The exercise is best carried out by a third-party organization with enough support to reach key stakeholders and with experienced in carrying out research.




Based on stakeholder specific surveys and group discussions in a selected area, water providers’ relationships with users and intermediaries are mapped and assessed in terms of transparency, accountability and participation (TAP).

The tool implementation steps are:

  1. One or more areas are identified for the case studies. These areas should be fairly representative for the situation in the community
    in terms of presences of water supply systems and formal and informal providers to assess the range of problems that may occur. An initial scoping visit to consult with stakeholders will help to identify adequate locations.
  2. To assess TAP in service provision with different stakeholders key informant interviews are conducted using a set of stakeholder specific questionnaires. The questionnaires comprise mostly closed questions.
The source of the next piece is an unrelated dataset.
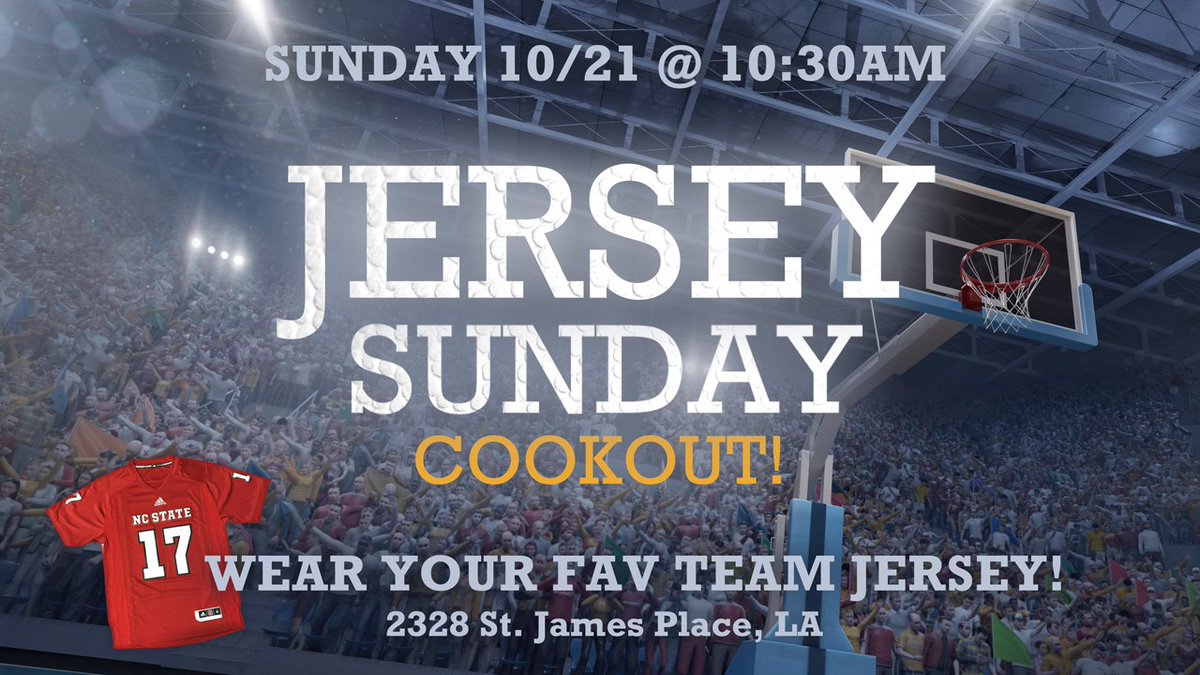 NewDawnLA's tweet photo. THIS SUNDAY! Don't miss our Jersey Sunday Cookout and 3-on-3 Basketball Tournament! https://t.co/l4KXJc4j0a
The survey can be complemented with focus group discussions.
  3. The implementing organization cross-checks the results comparing the answers from the different respondent groups.
  4. Findings are shared with the different actors to generate feedback, validate the results and develop inputs for action to improve the integrity of water supply in the community.
  5. For each type of water supply system the actors are visualized in a map and the TAP risks of each of their relationships is assessed. The risk map always relates to the main water provider and only if the informal sector resells water from a formal provider the two will be included in the same risk map. A summary of the results of the case studies, indicating risk levels of TAP in the relationships of the different stakeholders, are also visualized in this map. Three risk levels of TAP are established using the colours red (high risk), yellow (medium risk) and green (low risk).


Example map from TI’s National Integrity Study in Kenya (2011)

Transparency International chapters have developed TAP maps for water service provision for national integrity surveys in Kenya, Ghana, and Senegal as part of the TISDA programme.